Trommelbremse am Elektroauto
Auf den ersten Blick unwahrscheinlich, aber doch wahr: Die totgeglaubte Trommelbremse bringt günstige Bedingungen für die Verwendung bei Elektroautos mit. Für die Rekuperation – also das Aufladen der Batterie beim Rollen – werden Elektroautos durch einen Generator recht stark gebremst, sobald man vom Gas geht. Dadurch benötigen sie im Alltag erheblich weniger manuelle Bremswirkung, außerdem neigen die Bremsscheiben durch die wenige Nutzung eher zum Korrodieren als bei vergleichbar motorisierten und genutzten Verbrennern. Aus diesen Gründen werden zahlreiche (und nicht nur kleine) Elektroautos etwa aus dem VW-Konzern mit Trommelbremsen an den Hinterrädern ausgeliefert, so zum Beispiel der VW ID.5 oder der Audi Q4 e-tron.
Auch interessant:
Karbon-Keramik-Bremsen: teuer, aber gut
Nicht nur die italienischen Bremsen-Spezialisten von Brembo schwören auf rostfreie Karbon-Keramik-Bremsscheiben. Die spezielle Materialbeschaffenheit soll hitzebedingtes Fading im Vergleich zu herkömmlichen Scheiben aus Stahl deutlich reduzieren, außerdem soll das extrem harte Material weniger schnell verschleißen. Wie immer, wenn Karbon im Spiel ist, ist auch Gewichtsreduktion ein Thema. Allerdings sind die Karbon-Keramik-Scheiben extrem teuer, weshalb sie nur bei hochpreisigen Sportwagen und in der Luxusklasse Verwendung finden. Darüber hinaus können die Scheiben im Betrieb durch den anderen Materialmix deutlich heißer werden als Stahlscheiben, womit auch die umliegenden Komponenten umgehen können müssen. Ausgeliefert mit diesen optisch auffälligen High-Tech-Bremsen werden unter anderem der BMW M8, der Ferrari 296 GTB oder der Porsche 911 Turbo S. Diese Systeme sind übrigens nicht zu verwechseln mit Keramik-Bremsbelägen, wie es sie im Zubehör zu kaufen gibt.
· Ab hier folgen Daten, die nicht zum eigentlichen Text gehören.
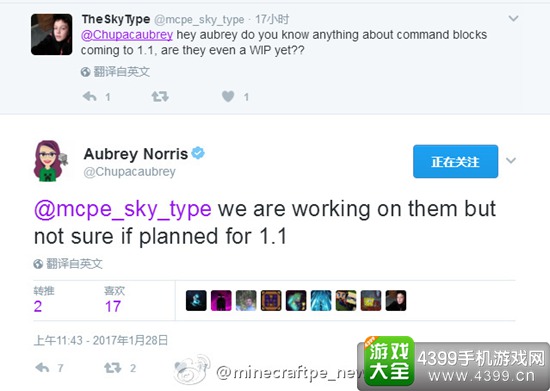 �ҵ������ֻ��������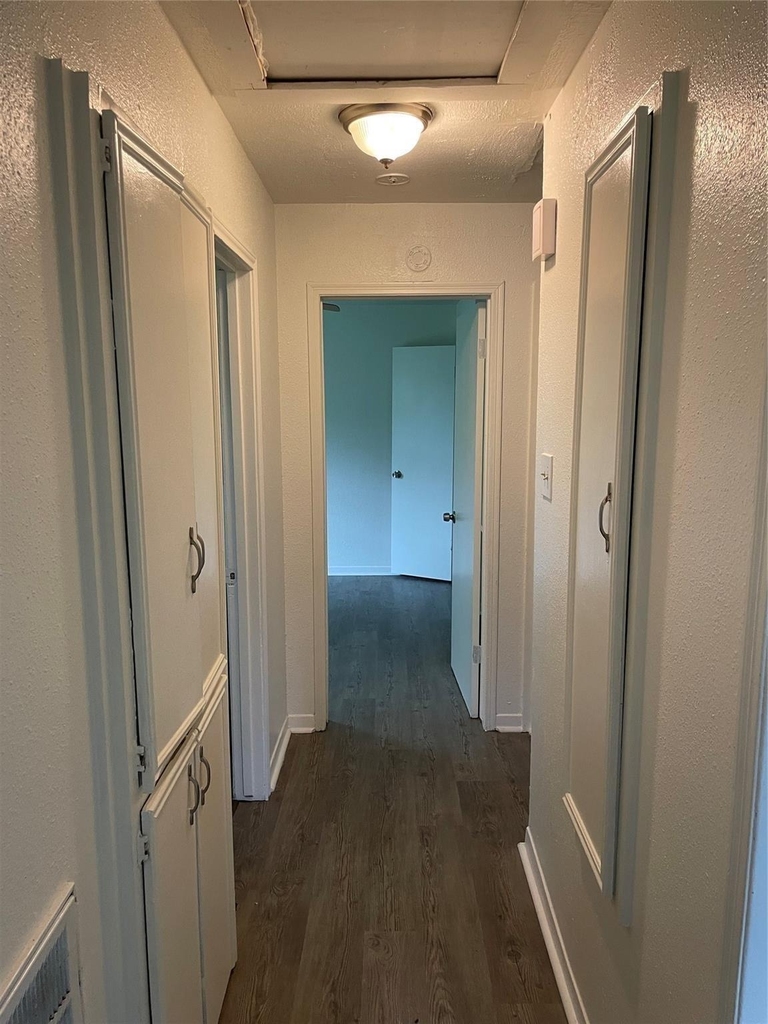 9322 Nyssa Street - Photo 6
Übliche Modifikationen von Bremssystemen
Besonders in sportlichen Gefilden gehören Löcher und Schlitze in den Bremsscheiben zum guten Ton. Grund dafür ist unter anderem die bessere Ableitung von Wasser und entstehendem Dampf, denn die unterbrochene Fläche erschwert die Bildung eines durchgehenden Films auf der Bremsscheibe. Wie groß diese Wirkung tatsächlich ist und ob man sie hinterm Lenkrad deutlich spürt, ist nicht unstrittig – sicherlich spielen auch optische Aspekte eine Rolle bei diesen Maßnahmen. Eine übliche Modifikation von Bremssystemen sind darüber hinaus Stahlflex-Bremsleitungen. Im Gegensatz zu Leitungen aus Kunststoff soll sich der Stahl bei Druckausübung weniger ausdehnen und so eine bessere Bremsleistung ermöglichen. Außerdem werden sie nicht mit der Zeit porös. Genau wie bei gelochten oder geschlitzten Scheiben gilt auch hier: Beim Nachrüsten für den Straßenverkehr ist eine Allgemeine Betriebserlaubnis (ABE) erforderlich.
Unser Fazit
Auch wenn die Scheibenbremse aufgrund ihrer Leistungsfähigkeit und thermischen Vorteile im modernen Automobilbau dominiert, ist die Trommelbremse nicht tot. Neben preisgünstigen Kleinwagen findet sie seit einigen Jahren aufgrund veränderter Anforderungen vermehrt in Elektroautos Anwendung.